This paper studies a special instance of the graph partitioning problem motivated by an application in parallel processing. When a parallel computation is represented by a weighted task graph, we consider the problem of mapping each node in the graph to a processor in a linear array. We focus on a particular type of computation, a grid structured computation (GSC), where the task graph is a grid of nodes.
The general task graph mapping problem is known to be intractable, and thus past research efforts have either proposed heuristics for the general problem or optimally solved a constrained version of the general problem. Our contributions in this paper fall into both categories. We weaken past constraints and optimally solve a less constrained problem than has been solved optimally before and also present and analyze a simple greedy heuristic.
Optimal solutions have been given in the past when one places the contiguity constraint that each partition must consist of entire columns (or rows) of the GSC. We show that a more efficient solution can be found by relaxing the constraints on the partitions to allow parts of consecutive columns to be mapped to a processor; we call this weaker contiguity constraint the part-column constraint.

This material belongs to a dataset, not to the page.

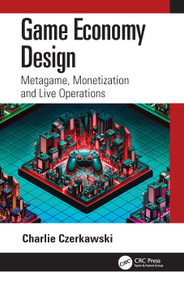 Game Economy Design (Metagame, Monetization and Live Operations) by Charlie Czerkawski, 9781032479903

Our first result is to show that the problem of finding an optimal mapping satisfying the contiguity constraint remains NP-complete, where the contiguity constraint simply requires adjacent nodes to be mapped to the same or adjacent processors. We then design an \(O(M^2p)\) algorithm (that uses \(O(Mp)\) space) which finds the optimal part-column partitioning of a grid of \(M\) modules to a linear array of \(p\) processors. A simple greedy \(O(M)\) heuristic part-column partitioning algorithm is also presented which performs within a constant factor (two) of the optimal algorithm.
Our loosening of past constraints is shown to lead to a forty percent improvement in some cases. Other experimental results compare the proposed heuristic with the optimal algorithm.